この日々に疲れてしまったら、どうかひととき耳を傾け、ゆっくりと自身の時間を過ごされてみてください。


Day24: 地図 / the cabs

選曲テーマは"A song by a band you wish were still together"。

この点において、現在の私は贅沢に悩めるルートに生きているのだと思います。

かつてthe cabsを構成していたメンバーは皆それぞれの在り方を、音楽を生きる道の上に見い出しました(なんとあの高橋國光さんまでもが!)。
私は後追いでthe cabsを知った者ですが、これは大変に素敵なことであると、
国内の様々なバンドが辿った道のいくつかを知っているがために、どうしても喜びを噛み締めてしまいます。

だからこそ、ときどき贅沢に悩みます。
これほどまでに芳醇な感性を育める可能性を秘めていた3人で構成されたバンドthe cabsが、もし続いていたとしたら。
"再生の風景"の先には何がみえたのだろうか。

もしこの先の未来で再結成することがあれば、私はそれはもう歓喜するのでしょうが、
ただそれは継続されたthe cabsに取って代わる存在ではないのだとも、意識してしまうことでしょう。


Day25: 笑ってサヨナラ / フジファブリック

選曲テーマは"A song you like by an artist no longer living"。

一生埋まらない私の空白です。


Day26: 戦闘機 / 七尾旅人

選曲テーマは"A song that makes you want to fall in love"。

私はたった一度自覚した恋により、恋を諦めた人間なので、
恋が切実に歌われた楽曲を聴くと、もはやこういった体験をしてみたいなどとは思わないものの、
もっとこういった体験をしておいても良かったのだろうな、とは考えてしまいます。

七尾旅人さんの1stシングルで歌われる恋はすべて、この憧憬の対象となりましたが、
そのなかでも特に痛ましく響いたのはこの曲でした。
恋を自覚する前に知った曲でしたが、自覚した後ではじめて聴いたとき、この曲を知り直したような感触がありました。

もうちょいかわいめなやつだと、シンメトリーあたりまでのメレンゲが大好きです。
(お題に関係ない点がその理由となるのですが、印象深い作品はその後に出たアポリアです(別記事でやれ))

はいかわいい!!!


Day27: ある会員 / 波多野裕文

選曲テーマは"A song that breaks your heart"。

前回掲載分の20日目にて、波多野裕文さんの音楽が私にもたらす作用の機序について長々と述べましたが、
このだいたいの場合には"私の心を壊す("私の心"を"私の心だと思えていたもの"にしてしまう)"過程が存在します。
自分で書いていても思いますが、大変そうですね。
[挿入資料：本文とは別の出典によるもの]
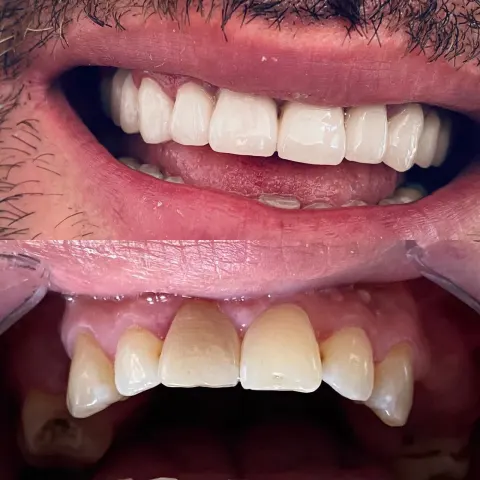Cas réel Hollywood Smile — avant / après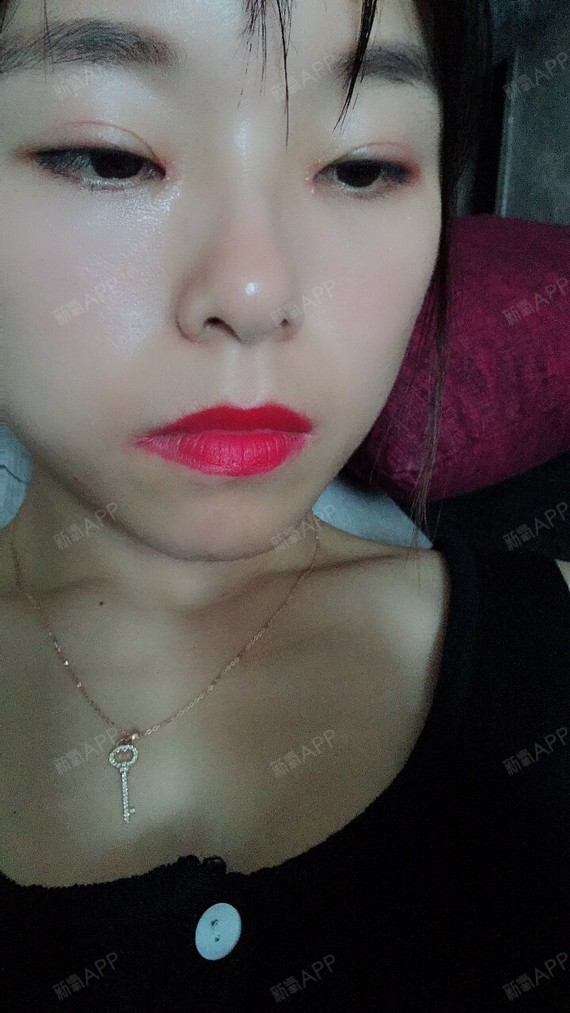 男生们是非开内眼角第20天美丽日记-新氧美容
大変です。

今年1月、現在のように作品の形となる前の、この曲の演奏を聴いたときにもそれは起こりました。大変でした。
(この日は7曲もの新曲が一斉に放たれたため、それはもうボコボコにしてやられました)

それでもなお向き合っていきたくなる魅力が、波多野さんの音楽にはあるのです。


Day28: 恋にことば / トルネード竜巻

選曲テーマは"A song by an artist whose voice you love"。
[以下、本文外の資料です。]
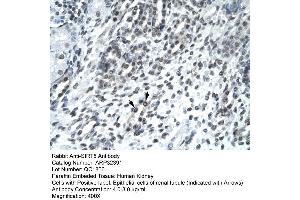 Human kidney (SIRT5 antibody  (Middle Region))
私自身も歌を歌った経験があるためなのか、音楽を聴く際には歌に着目する癖があり、
結果として音楽に乗る歌声には敏感になりました。
その符合の良さによって好きになったヴォーカリストはたくさんおります。

しかし、トルネード竜巻のヴォーカル名嘉真祈子さんは、
「この人の歌声として発生し、そのまま消えてしまったとしても、私は満足するだろう」
と直観的に思えた、ただひとりの存在です。

歌声の振れ方がわかりやすいため"恋にことば"を選曲しましたが、"サンデイ"の歌も良いです。


Day29: コジコジ銀座 / ホフディラン

選曲テーマは"A song you remember from your childhood"。
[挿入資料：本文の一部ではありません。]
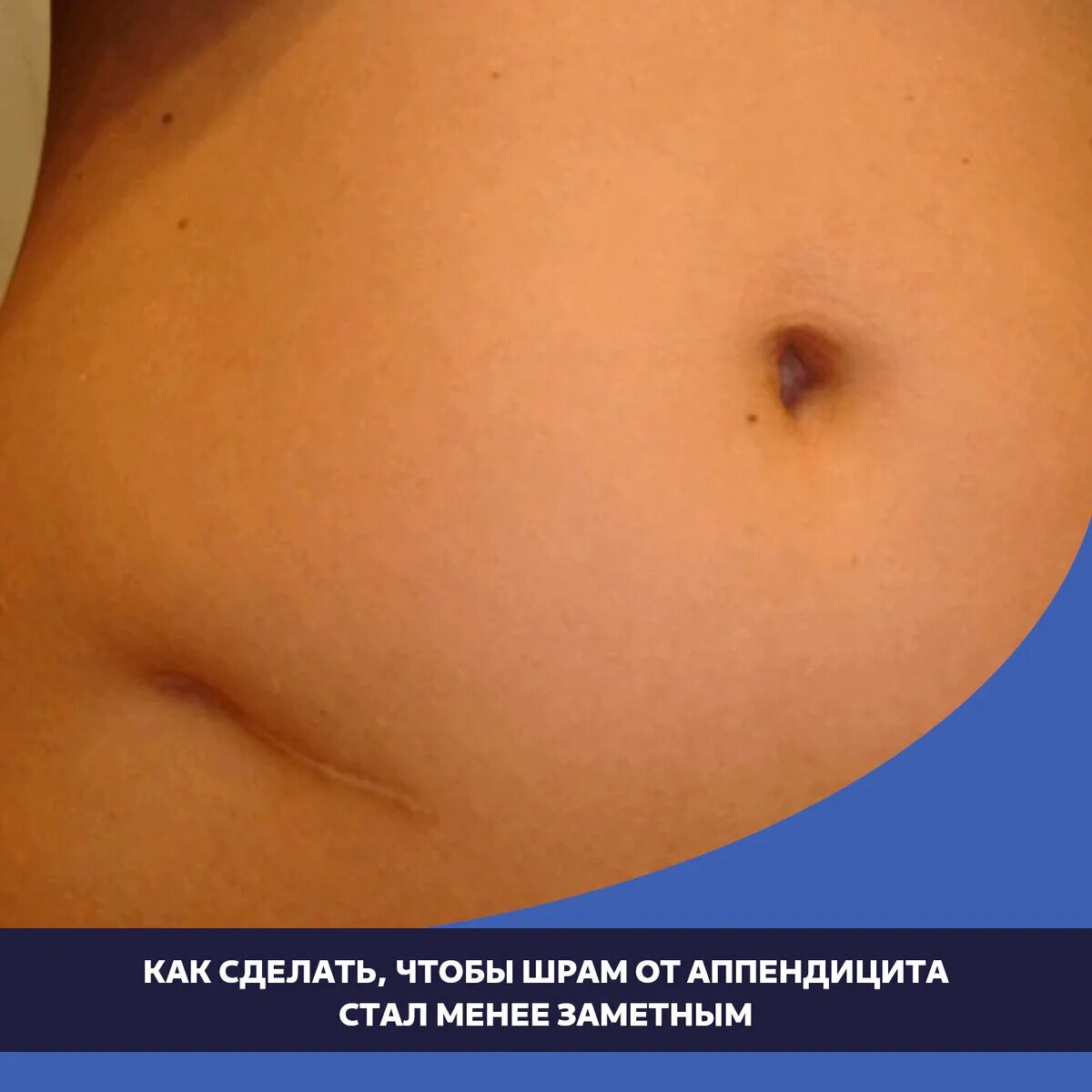 Как сделать, чтобы шрам от аппендицита стал менее заметным Медицинский центр "АТ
この日はめちゃくちゃ迷いました、迷ったやつ列挙するのも面倒なほどに!(手抜き)
(何と迷ったのか気になるという奇特な方は、この日のログをご参照ください)

"コジコジ銀座"を選曲した理由ですが、
現在でも私の思考に強く残る期待の傾向、四方八方へと駆け拡がってしまいがちな想像力が、
この楽曲が力強く推す、未知なるものへのワクワク感と結びついているかのように思われたためです。


Day30: 破壊 / SPANK HAPPY

選曲テーマは"A song that reminds you of yourself"。

これの他には無いなと思いました。

その時々を生きた自分自身にずっと揺さぶられてきているのに、
それでもなお新しくなっていきたいと希求してしまう。
切実な行動であるはずの神頼みも投げやってしまうほどに、
嫌になるほど不器用な自分の手で頭で、いまある自分を壊し続けていきたい。



ノリで始めた30DaySongChallengeでしたが、
当初想定していたよりもかなり真剣に、聴者として現存する自分に向き合うこととなりました。
私はどうしても自分自身をわかっていきたい人間であるため、
このこと自体は大変刺激的な体験でした。

しかし、見い出せたその聴者たる自分の姿には、
これまでもなんとなくわかっていたけれど、直視はしないようにしてきた欠点が顕れておりました。


自分は新しい音楽を聴こうとする姿勢を持っているほうだと認識していたけれど、案外そうでもなかった。
生まれ育った世代と、音楽を見つめる基準とを固着させてしまっており、
日々新しく知ってゆく音楽達のほとんどを、骨にも血にも肉にもしていけていない。

表現がだいぶ陶酔に寄ったものとなってしまったので(ただ自分のうちでは上記の表現が最もしっくりきます)、
いったん(自身に向けた)問題提起の形に書き換えます。
自分の世代の音楽との対照例として、新しい音楽を見つめてしまっているのではないか。
もっと端的に言い切ってしまうならば、基準のアップデートができていないのではないか。
結局、自分の若い時に聴いたものばかり挙げているではないか。

……よくある話です!!!


私は音楽に従事する者ではない、ただ音楽を聴いたり、演奏を観たりすることを好むだけの一般人です。
そのため、本来であれば別に上記のような問題を起こす必要はないはずです(従って、これを読まれているかもしれない同様の立場の方にまでこれらを問題として突きつける意思もありません)。
にもかかわらず、私はこれを欠点として捉えている。
少なくともこの見直しを終えて間も無い、2020年5月31日の時点では。

今日ここに記録される、私自身による私自身への問題提起は、
"私はどのように音楽と過ごしていたいのか?"などと、根本から惑ってしまった際に、
きっとひとつの標として作用するでしょう。

まあ、実際そのようなときに力を与えるのが問題視の記録なのか、30日ぶんの音楽に対する思いの丈なのか、
もしくはまったく違ったものなのか、現在からは想定しようもないのですがね。
結局は無責任な願いです、
ただ願えるアテがあるってのは生きていく上で健康的なことなんじゃありませんかね、多分ね……。



以上となります。楽しかった!

Twitterにて挙げた音楽に反応をくださったり、また当ブログをお目通しくださったり(こちらについてはどれくらいいらっしゃるのかわかりませんが……)、
何かしらの形でお付き合いいただきました皆様、ありがとうございました。